Human-in-the-loop Evaluation
Using human judgment — ratings, pairwise preferences, or approvals — to score agent output on the subjective dimensions automated metrics can’t capture.
Why it matters
“Is this answer helpful, on-tone, and safe?” has no string match. Humans are the ground truth that calibrates cheaper proxies: you collect a few hundred human labels, then validate that an LLM judge agrees with them before trusting the judge to scale. Human review is also the literal control surface for risky actions — a human approving a payment or an email send is HITL acting as both gate and evaluator.
How it works
Two distinct modes, often confused: evaluation (offline, scoring quality) and oversight (inline, approving an action mid-agent-loop).

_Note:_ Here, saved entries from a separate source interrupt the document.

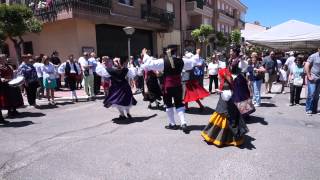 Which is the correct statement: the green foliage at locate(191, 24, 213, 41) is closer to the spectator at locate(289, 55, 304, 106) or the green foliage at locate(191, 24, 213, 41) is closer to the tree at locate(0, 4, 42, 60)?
the tree at locate(0, 4, 42, 60)

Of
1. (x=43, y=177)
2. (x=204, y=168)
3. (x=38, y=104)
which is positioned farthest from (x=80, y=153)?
(x=38, y=104)

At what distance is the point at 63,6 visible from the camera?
1759cm

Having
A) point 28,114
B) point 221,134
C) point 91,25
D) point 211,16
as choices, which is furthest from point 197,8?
point 221,134

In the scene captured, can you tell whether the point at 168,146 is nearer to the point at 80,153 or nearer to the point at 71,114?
the point at 80,153

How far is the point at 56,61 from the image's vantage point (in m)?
15.9

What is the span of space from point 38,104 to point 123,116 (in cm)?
432

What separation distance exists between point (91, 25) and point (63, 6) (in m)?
2.44

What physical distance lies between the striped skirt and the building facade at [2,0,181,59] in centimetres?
1321

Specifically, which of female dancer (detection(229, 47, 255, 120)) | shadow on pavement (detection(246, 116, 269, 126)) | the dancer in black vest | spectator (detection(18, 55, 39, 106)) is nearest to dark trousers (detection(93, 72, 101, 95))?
the dancer in black vest

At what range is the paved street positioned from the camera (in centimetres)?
488

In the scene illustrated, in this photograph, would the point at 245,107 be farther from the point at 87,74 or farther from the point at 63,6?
the point at 63,6

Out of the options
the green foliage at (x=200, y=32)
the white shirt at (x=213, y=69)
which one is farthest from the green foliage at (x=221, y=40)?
the white shirt at (x=213, y=69)

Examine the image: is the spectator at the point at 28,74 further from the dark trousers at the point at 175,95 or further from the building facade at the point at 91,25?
the building facade at the point at 91,25

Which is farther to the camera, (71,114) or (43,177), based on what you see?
(71,114) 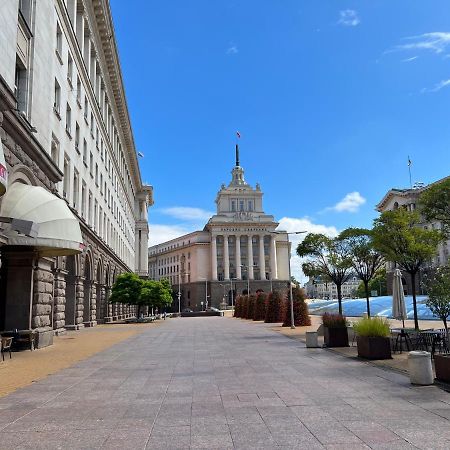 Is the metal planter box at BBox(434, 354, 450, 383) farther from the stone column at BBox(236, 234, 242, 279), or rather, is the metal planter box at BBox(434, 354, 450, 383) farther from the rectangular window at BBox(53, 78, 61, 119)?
the stone column at BBox(236, 234, 242, 279)

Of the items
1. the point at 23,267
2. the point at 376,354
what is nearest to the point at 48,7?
the point at 23,267

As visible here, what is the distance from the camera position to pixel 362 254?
30906mm

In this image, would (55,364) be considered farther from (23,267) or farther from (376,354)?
(376,354)

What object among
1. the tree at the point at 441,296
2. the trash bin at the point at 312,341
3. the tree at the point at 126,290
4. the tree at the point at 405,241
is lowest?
the trash bin at the point at 312,341

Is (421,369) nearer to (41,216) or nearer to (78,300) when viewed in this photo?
(41,216)

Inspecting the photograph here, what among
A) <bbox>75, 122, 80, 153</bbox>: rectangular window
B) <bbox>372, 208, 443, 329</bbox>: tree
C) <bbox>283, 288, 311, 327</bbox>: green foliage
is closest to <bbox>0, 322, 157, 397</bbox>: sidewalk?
<bbox>372, 208, 443, 329</bbox>: tree

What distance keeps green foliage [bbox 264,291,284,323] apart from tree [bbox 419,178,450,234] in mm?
24079

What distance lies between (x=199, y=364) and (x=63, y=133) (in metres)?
18.0

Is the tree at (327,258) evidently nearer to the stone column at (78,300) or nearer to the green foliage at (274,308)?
the green foliage at (274,308)

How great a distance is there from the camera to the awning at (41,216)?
15.6 m

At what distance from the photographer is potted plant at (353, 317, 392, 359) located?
1422 centimetres

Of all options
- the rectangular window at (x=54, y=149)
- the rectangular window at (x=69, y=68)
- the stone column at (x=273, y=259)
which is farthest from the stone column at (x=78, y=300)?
the stone column at (x=273, y=259)

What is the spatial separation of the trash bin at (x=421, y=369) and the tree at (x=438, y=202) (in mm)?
8914

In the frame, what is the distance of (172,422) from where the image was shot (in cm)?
729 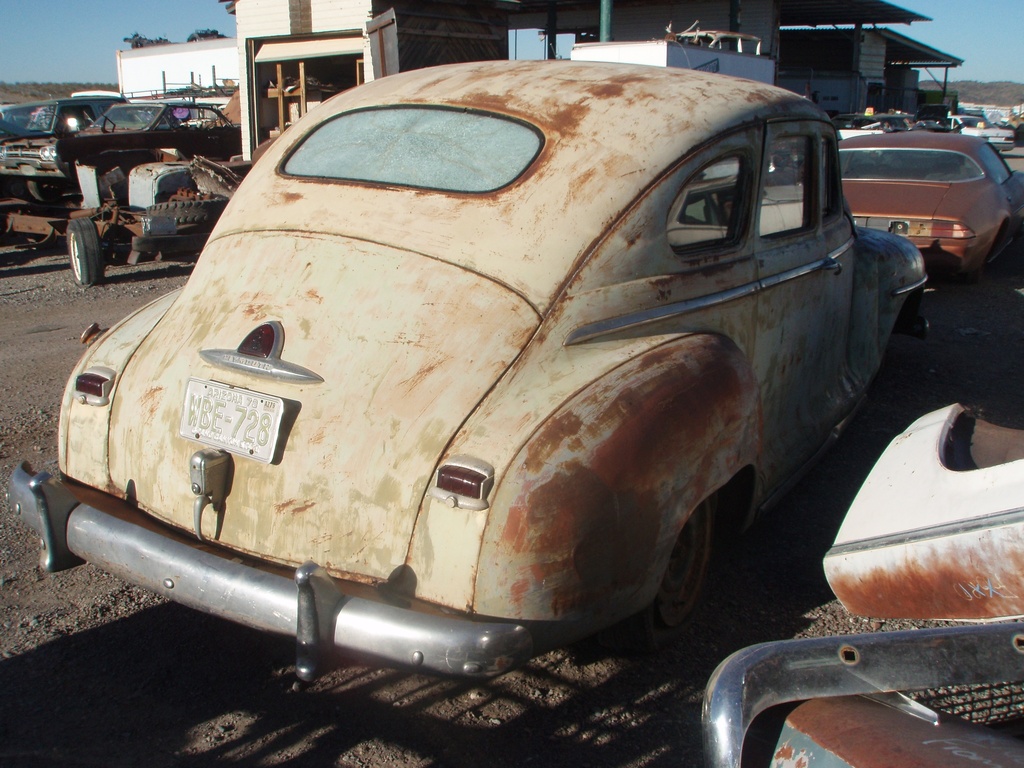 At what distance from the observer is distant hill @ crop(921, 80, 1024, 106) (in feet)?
295

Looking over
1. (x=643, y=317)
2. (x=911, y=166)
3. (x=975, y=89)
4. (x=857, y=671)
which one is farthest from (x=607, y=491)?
(x=975, y=89)

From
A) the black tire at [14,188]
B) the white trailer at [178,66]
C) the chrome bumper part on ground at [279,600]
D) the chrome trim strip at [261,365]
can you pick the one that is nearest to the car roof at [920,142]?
the chrome trim strip at [261,365]

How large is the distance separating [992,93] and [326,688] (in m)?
118

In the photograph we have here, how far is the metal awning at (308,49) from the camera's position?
50.9 feet

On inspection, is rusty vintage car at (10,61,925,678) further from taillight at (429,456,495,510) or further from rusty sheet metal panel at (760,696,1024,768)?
rusty sheet metal panel at (760,696,1024,768)

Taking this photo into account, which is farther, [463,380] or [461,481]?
[463,380]

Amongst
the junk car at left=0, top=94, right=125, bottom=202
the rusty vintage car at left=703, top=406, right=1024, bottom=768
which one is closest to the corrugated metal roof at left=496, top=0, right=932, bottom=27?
the junk car at left=0, top=94, right=125, bottom=202

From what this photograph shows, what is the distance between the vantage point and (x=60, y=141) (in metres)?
11.4

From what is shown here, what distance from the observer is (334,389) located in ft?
8.55

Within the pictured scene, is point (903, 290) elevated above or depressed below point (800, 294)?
below

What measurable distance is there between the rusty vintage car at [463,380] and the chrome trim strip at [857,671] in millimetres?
822

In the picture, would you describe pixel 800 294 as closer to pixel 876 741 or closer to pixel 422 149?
pixel 422 149

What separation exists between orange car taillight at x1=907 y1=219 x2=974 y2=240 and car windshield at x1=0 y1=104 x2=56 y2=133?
12.8m

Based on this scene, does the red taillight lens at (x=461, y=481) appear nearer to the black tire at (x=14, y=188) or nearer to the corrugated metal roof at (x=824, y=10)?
the black tire at (x=14, y=188) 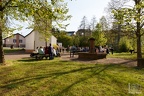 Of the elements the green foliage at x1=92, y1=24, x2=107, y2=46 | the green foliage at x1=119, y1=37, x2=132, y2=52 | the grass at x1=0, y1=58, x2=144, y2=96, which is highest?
the green foliage at x1=92, y1=24, x2=107, y2=46

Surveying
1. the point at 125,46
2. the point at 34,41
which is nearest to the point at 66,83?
the point at 34,41

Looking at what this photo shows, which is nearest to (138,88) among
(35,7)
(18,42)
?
(35,7)

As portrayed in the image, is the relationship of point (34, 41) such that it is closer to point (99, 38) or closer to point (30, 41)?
point (30, 41)

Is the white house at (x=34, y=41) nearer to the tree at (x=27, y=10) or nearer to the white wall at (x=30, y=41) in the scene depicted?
the white wall at (x=30, y=41)

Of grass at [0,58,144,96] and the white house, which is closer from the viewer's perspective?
grass at [0,58,144,96]

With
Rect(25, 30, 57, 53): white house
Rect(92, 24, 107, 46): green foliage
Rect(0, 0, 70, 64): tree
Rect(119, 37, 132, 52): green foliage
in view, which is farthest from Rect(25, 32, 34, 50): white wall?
Rect(0, 0, 70, 64): tree

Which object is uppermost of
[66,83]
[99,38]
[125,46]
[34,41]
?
[99,38]

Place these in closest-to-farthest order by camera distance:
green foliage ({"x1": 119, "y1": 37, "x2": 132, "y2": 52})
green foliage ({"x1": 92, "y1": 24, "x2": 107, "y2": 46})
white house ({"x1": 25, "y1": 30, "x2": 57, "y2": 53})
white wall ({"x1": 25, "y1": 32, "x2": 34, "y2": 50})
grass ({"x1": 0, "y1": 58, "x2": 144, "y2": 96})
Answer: grass ({"x1": 0, "y1": 58, "x2": 144, "y2": 96}), white house ({"x1": 25, "y1": 30, "x2": 57, "y2": 53}), white wall ({"x1": 25, "y1": 32, "x2": 34, "y2": 50}), green foliage ({"x1": 119, "y1": 37, "x2": 132, "y2": 52}), green foliage ({"x1": 92, "y1": 24, "x2": 107, "y2": 46})

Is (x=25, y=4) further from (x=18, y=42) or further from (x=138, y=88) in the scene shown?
(x=18, y=42)

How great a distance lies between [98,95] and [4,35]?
9.34 metres

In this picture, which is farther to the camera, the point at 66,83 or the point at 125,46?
the point at 125,46

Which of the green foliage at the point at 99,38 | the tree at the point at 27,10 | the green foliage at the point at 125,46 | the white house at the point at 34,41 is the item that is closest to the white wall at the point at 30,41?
the white house at the point at 34,41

| Method | What annotators do | Best for |
|---|---|---|
| Direct rating | score 1–5 / thumbs | absolute quality tracking |
| Pairwise A/B | pick better of two | comparing model/prompt versions |
| Binary pass/fail | meets rubric? | regression gates |
| Approve / edit | accept or fix an action | inline oversight |
- Pairwise beats Likert. Humans rank two outputs far more consistently than they assign absolute scores; aggregate wins into an Elo or win-rate.
- Rubrics + multiple raters. A written rubric plus 2–3 raters per item, measuring inter-annotator agreement (Cohen’s κ), turns vibes into a defensible number.

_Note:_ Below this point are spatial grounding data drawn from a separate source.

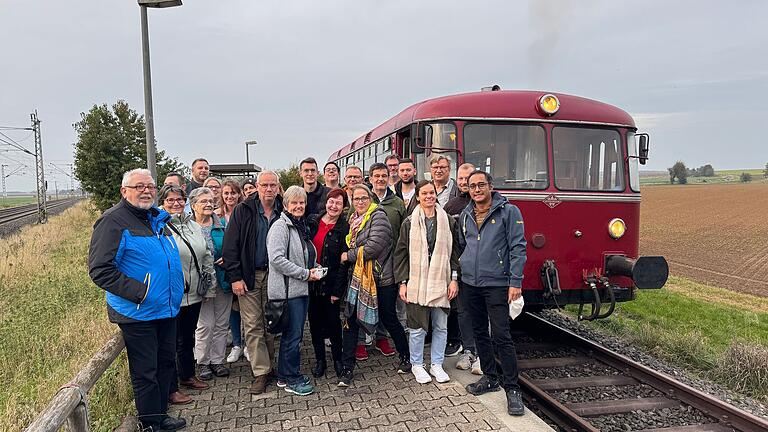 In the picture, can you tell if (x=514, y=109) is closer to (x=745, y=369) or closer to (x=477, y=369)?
(x=477, y=369)

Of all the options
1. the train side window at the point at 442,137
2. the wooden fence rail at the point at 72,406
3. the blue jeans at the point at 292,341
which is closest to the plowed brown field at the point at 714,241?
the train side window at the point at 442,137

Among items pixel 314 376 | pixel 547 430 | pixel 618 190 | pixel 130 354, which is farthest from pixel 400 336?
pixel 618 190

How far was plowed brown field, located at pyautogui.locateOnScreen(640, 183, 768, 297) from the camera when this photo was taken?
15.0m

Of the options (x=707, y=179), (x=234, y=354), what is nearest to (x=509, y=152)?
(x=234, y=354)

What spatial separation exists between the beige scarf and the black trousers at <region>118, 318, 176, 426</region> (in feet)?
Result: 6.87

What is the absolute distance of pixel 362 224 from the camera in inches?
184

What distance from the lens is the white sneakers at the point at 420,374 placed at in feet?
15.5

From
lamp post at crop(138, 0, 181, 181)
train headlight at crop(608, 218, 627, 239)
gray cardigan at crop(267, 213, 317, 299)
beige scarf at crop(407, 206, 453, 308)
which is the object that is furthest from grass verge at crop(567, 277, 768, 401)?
lamp post at crop(138, 0, 181, 181)

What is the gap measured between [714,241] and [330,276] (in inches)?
958

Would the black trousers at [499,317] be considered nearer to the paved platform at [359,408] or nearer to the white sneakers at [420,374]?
the paved platform at [359,408]

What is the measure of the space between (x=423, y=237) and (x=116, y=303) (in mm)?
2515

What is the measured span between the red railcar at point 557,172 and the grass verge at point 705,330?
144 cm

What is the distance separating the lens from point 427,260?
15.0ft

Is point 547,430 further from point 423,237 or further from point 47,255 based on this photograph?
point 47,255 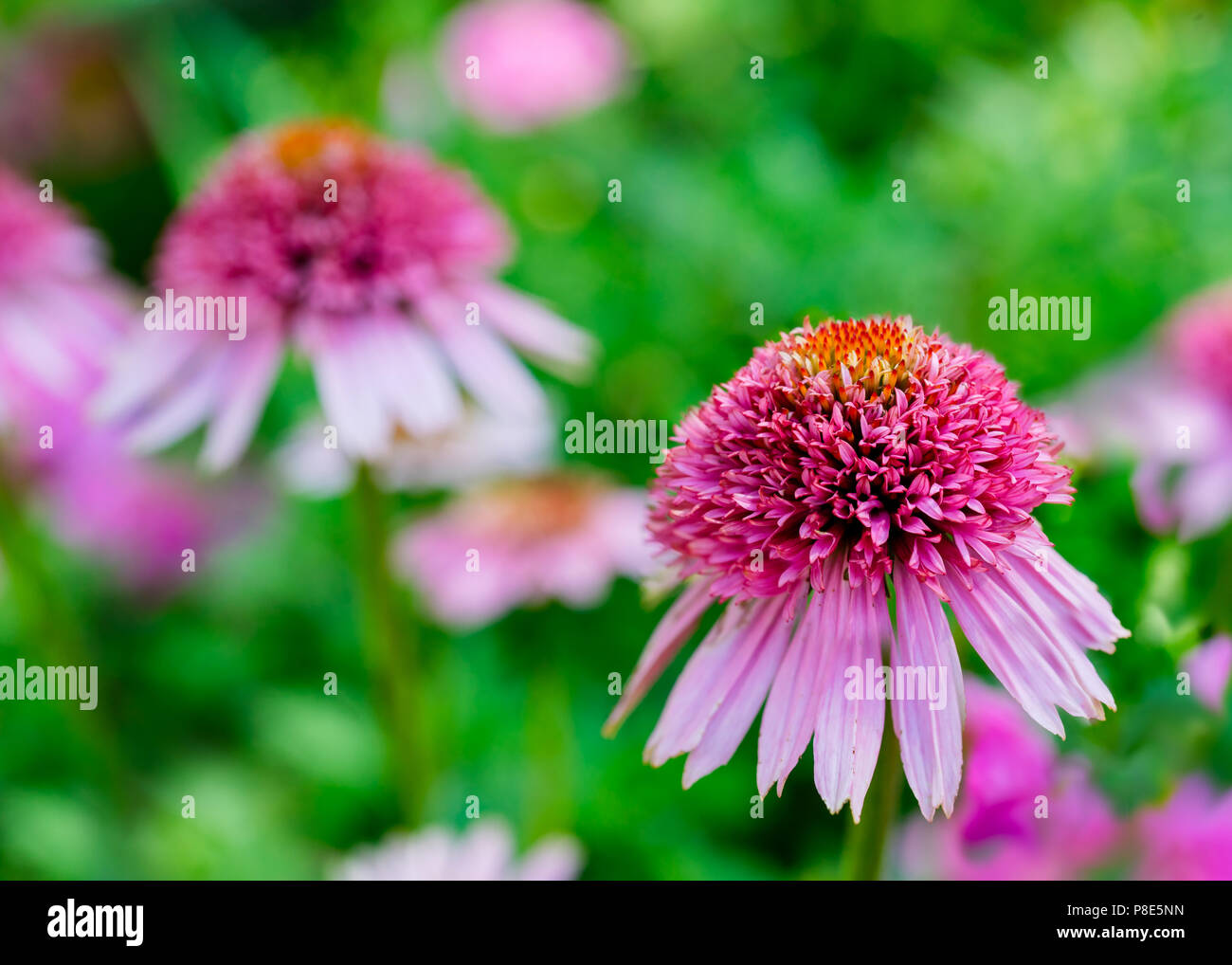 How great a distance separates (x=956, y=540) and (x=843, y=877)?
21cm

- Inline gate. Pause the run (LangGraph
interrupt), surface the proposed tool call, resume on approval — this is langgraph’s human-in-the-loop pattern. - Calibrate the judge. Use human labels as the gold set to measure whether an automated judge’s verdicts correlate before replacing humans.
Example
Shipping a new system prompt for a support agent:
sample 200 real conversations → run old vs new prompt
present blind A/B to 3 reviewers (rubric: correct, polite, complete)

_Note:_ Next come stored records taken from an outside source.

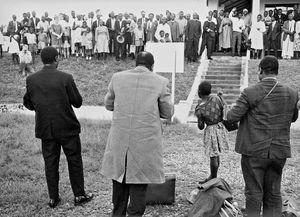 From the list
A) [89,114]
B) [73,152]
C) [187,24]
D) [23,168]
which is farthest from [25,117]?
[187,24]

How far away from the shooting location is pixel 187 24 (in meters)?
16.0

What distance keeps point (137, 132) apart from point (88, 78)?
1205 centimetres

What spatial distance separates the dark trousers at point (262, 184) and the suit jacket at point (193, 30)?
1242 cm

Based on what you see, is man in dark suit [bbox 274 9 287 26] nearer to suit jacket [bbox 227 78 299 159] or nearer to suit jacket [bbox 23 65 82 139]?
suit jacket [bbox 227 78 299 159]

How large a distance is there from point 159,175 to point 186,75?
37.5 ft

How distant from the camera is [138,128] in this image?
3.59m

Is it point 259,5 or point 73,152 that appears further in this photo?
point 259,5

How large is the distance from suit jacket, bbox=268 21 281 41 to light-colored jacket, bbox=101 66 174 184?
536 inches

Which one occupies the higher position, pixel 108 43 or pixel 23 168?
pixel 108 43

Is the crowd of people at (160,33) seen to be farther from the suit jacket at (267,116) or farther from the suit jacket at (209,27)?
the suit jacket at (267,116)

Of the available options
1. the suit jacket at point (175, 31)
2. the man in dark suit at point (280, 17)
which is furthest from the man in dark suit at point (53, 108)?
the man in dark suit at point (280, 17)

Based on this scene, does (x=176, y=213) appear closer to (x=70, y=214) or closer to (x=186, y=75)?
(x=70, y=214)

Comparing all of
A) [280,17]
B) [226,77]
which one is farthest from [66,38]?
[280,17]

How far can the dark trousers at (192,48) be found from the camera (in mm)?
15922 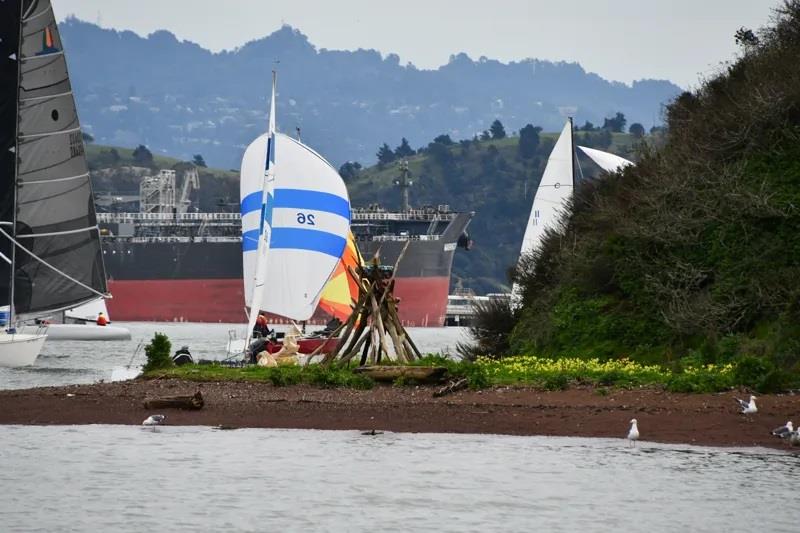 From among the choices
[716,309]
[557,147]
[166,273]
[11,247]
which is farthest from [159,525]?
[166,273]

new wins 124, old wins 61, tie 15 → win-rate 67%
inter-rater κ = 0.71 (substantial agreement) → trust the result → ship
The 67% blind win-rate is decision-grade evidence; a raw “feels better” is not.
Pitfalls
- No rubric. Without explicit criteria, raters drift and agreement collapses; ratings become noise.
- Single annotator. One person’s bias becomes ground truth; use multiple and report κ.
- Position/length bias. Reviewers favor the first-shown or longer answer — randomize order, control for length.
- Reviewing everything. Human review doesn’t scale to all traffic; sample, or gate only high-risk actions (see safety-red-team-testing).